Les Oh Sees, c’est le genre de groupe qui, de loin, donne l’impression d’être insaisissable. Il répond à tous les critères du groupe compliqué, que ce soit aussi bien pour les auditeurs de passage que pour les fans hardcore. Ils ont la fâcheuse tendance de changer de nom régulièrement, souvent pour marquer une évolution musicale, mais pas toujours. Et même dans ce deuxième cas, leurs albums sont souvent des mélanges de sonorités extrêmes et diverses, des patchworks sonores composés de garage rock, de punk, de psych, de sons progressifs, de folk ou encore de pop, assemblés comme bon leur semble. Ils sont remarquablement productifs, puisqu’ils ont sorti 20 albums depuis 2003, et le 21e est sorti le 17 août dernier. Mais si l’on se rapproche de cette entité et que l’on accepte l’idée que les Oh Sees ne sont pas un groupe comme on l’entend habituellement, alors les pièces du puzzle s’assemblent et prennent sens.

Formé en 1997 par John Dwyer, guitariste, chanteur et unique membre présent depuis les débuts, le groupe a débuté sous le nom de Orinoka Crash Suite, un nom de plume sous lequel Dwyer sortait ses premiers travaux en solo. S’il n’a publié que quelques morceaux apparus sur des compilations, en 2003, Dwyer changeait de nom pour se faire appeler OCS, un nom qu’il utiliserait pour rendre publics des enregistrements de musique expérimentale faits maison.

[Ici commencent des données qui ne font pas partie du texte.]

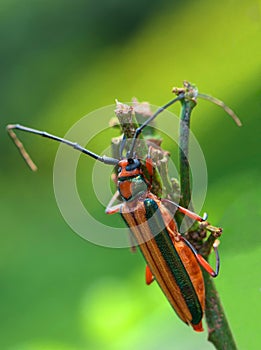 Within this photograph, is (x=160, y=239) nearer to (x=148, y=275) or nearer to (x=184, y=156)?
Answer: (x=148, y=275)

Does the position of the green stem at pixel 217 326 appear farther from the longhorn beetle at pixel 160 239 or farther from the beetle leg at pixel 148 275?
the beetle leg at pixel 148 275

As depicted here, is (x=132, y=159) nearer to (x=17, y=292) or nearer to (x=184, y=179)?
(x=184, y=179)

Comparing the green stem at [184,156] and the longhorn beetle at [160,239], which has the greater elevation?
the green stem at [184,156]

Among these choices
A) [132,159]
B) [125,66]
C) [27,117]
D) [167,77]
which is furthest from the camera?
[27,117]

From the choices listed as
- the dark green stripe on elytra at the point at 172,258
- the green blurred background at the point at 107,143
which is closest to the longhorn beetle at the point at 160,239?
the dark green stripe on elytra at the point at 172,258

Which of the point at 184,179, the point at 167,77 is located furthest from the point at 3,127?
the point at 184,179

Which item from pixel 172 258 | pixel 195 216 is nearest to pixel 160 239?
pixel 172 258

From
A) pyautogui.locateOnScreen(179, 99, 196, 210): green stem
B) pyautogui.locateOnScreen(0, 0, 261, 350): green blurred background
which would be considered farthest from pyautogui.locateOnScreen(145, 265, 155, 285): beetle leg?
pyautogui.locateOnScreen(179, 99, 196, 210): green stem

Les groupes principaux de Dwyer étant Coachwhips et Pink and Brown (un groupe qui ressemble pas mal à The Locust), il était donc facile de voir OCS comme un projet secondaire. Les premières publications du groupe correspondent à l’émergence de la scène freak-folk, mais la matière restait un peu faible. Et ce n’est que lorsque ses principaux projets ont splitté que les Oh Sees ont vraiment commencé les choses sérieuses. En recrutant Brigid Dawson au micro et clavier, et Petey Dammit à la guitare et à la basse, Dwyer avait trouvé des collaborateurs qui savaient tirer le meilleur de lui, et qui allaient faire office de faire-valoir indispensables au fil des années.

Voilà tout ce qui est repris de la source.